» **Exercise directions**: Drop all images. Then write out each line below exactly as given.

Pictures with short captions
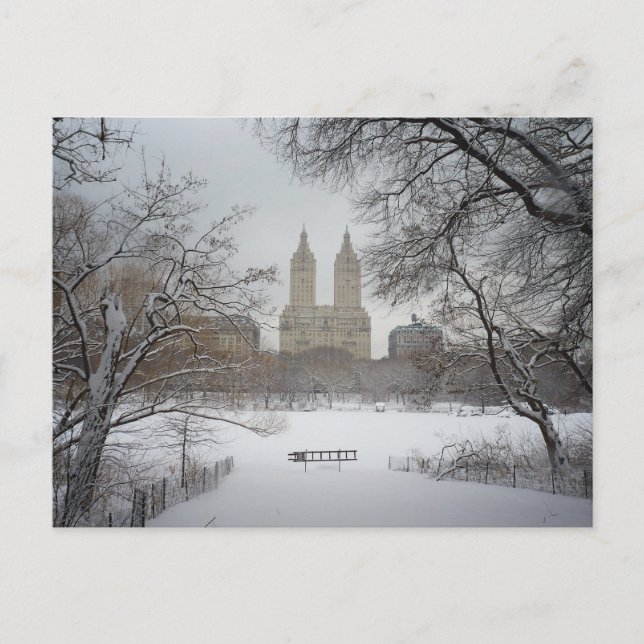Central Park in the Snow, New York City Postcard (Front)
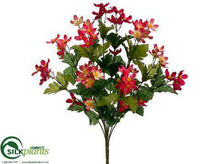 Mini Cosmos Bush - Beauty Cerise - Pack of 12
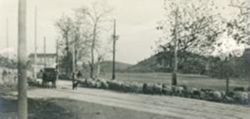 Sheep along a road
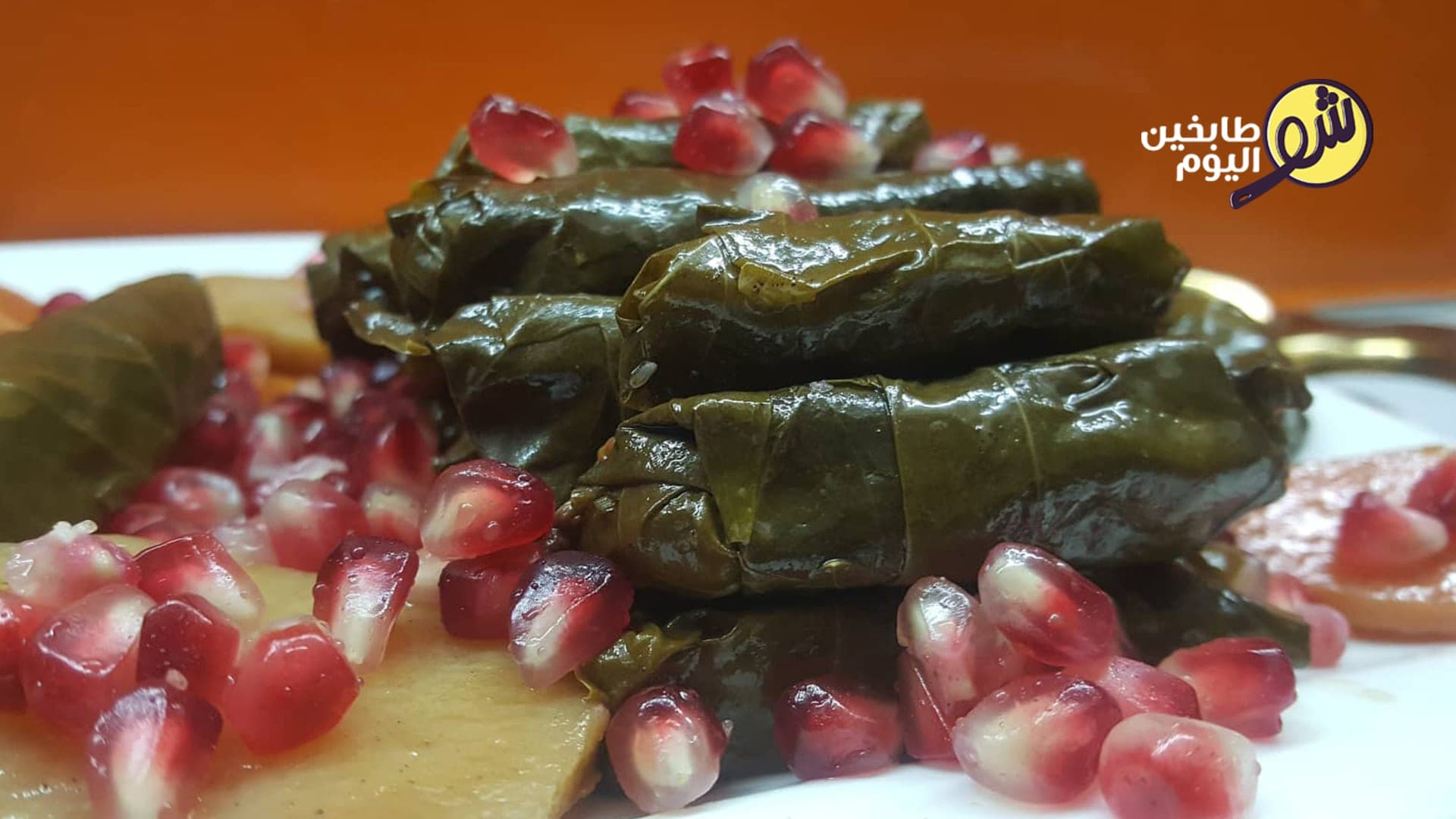 Grape Leaves in Olive Oil (Warak Enab bi Zeit)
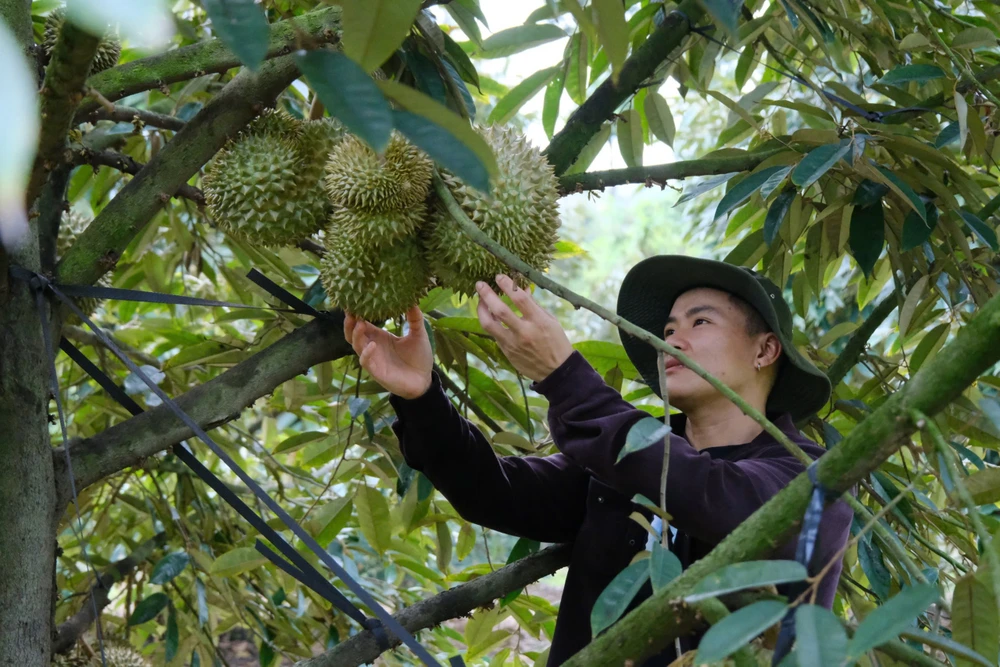 Sầu riêng Lâm Đồng (8).jpg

» **Your response**:
Central Park in the Snow, New York City Postcard (Front)
 Mini Cosmos Bush - Beauty Cerise - Pack of 12
 Sheep along a road
 Grape Leaves in Olive Oil (Warak Enab bi Zeit)
 Sầu riêng Lâm Đồng (8).jpg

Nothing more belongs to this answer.